NAME
Regex::PreSuf - create regular expressions from word lists
DESCRIPTION
use Regex::PreSuf;
my $re = presuf(qw(foobar fooxar foozap));
# $re should be now 'foo(?:zap|[bx]ar)'
This module creates regular expressions out of 'word lists', lists of strings, matching the same words. The easiest thing to do would be of course just to concatenate the words with '|' but this module tries to be cleverer. It finds out the common prefixes and suffixes of the words and then recursively looks at the remaining differences. It knows about character classes.
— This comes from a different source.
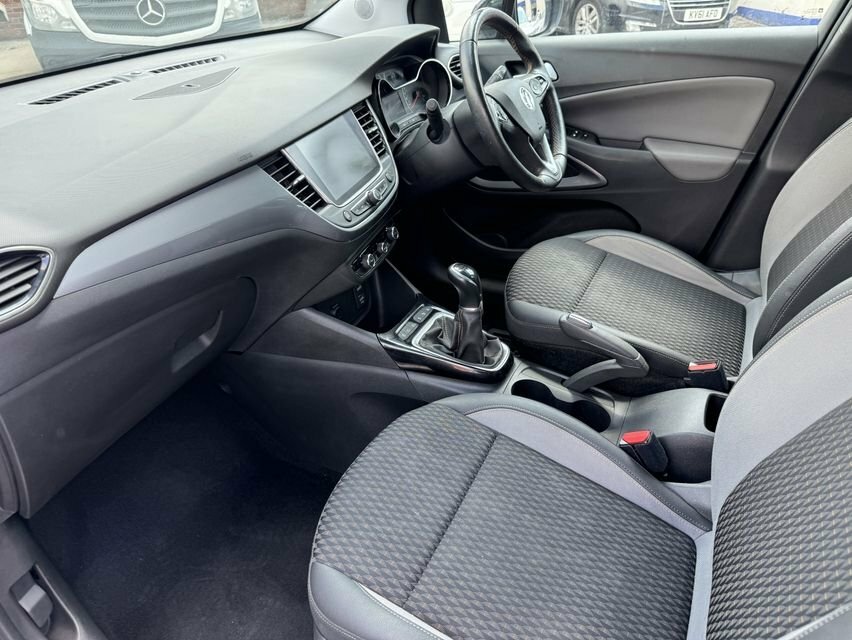 Vauxhall Crossland X 1.2L Elite Nav White #5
These optimized regular expressions normally run few dozen percentages faster than the simple-minded '|'-concatenation.
The downsides:
- the original order of the words is not necessarily respected, for example because the character class matches are be collected together, separate from the '|' alternations.
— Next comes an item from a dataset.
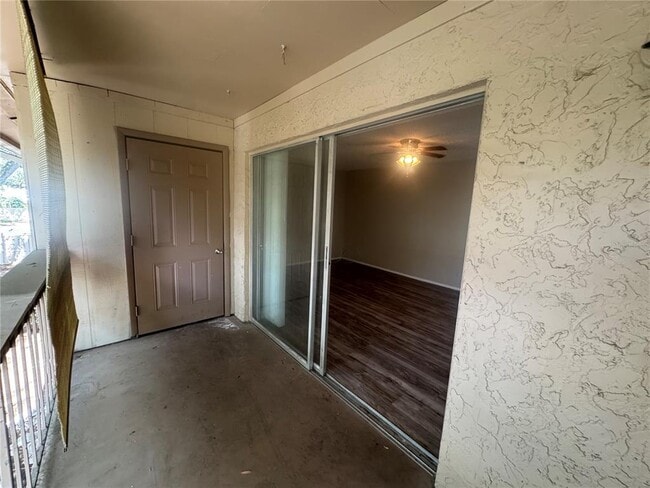 Building Photo - 5503 Pokeweed Ct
- because the module blithely ignores any specialness of any regular expression metacharacters such as the
*?+{}[]
, please do not use them in the words, the resulting regular expression will most likely be illegal
For the second downside there is an exception. The module has some rudimentary grasp of what to do with the 'any character' metacharacter. If you call presuf()
like this:
my $re = presuf({ anychar=>1 }, qw(foobar foo.ar fooxar));
# $re should be now 'foo.ar'
Beware, though, there are limits to the grasp:
my $re = presuf({ anychar=>1 }, qw(foobar foo.ar fooxa.));
# $re _could_ be now 'foo.a.'
# but it is 'foo(?:xa.|.ar)'
Finesses like this may or may not be implemented in future releases.
COPYRIGHT
Jarkko Hietaniemi <jhi@iki.fi>
This code is distributed under the same copyright terms as Perl itself.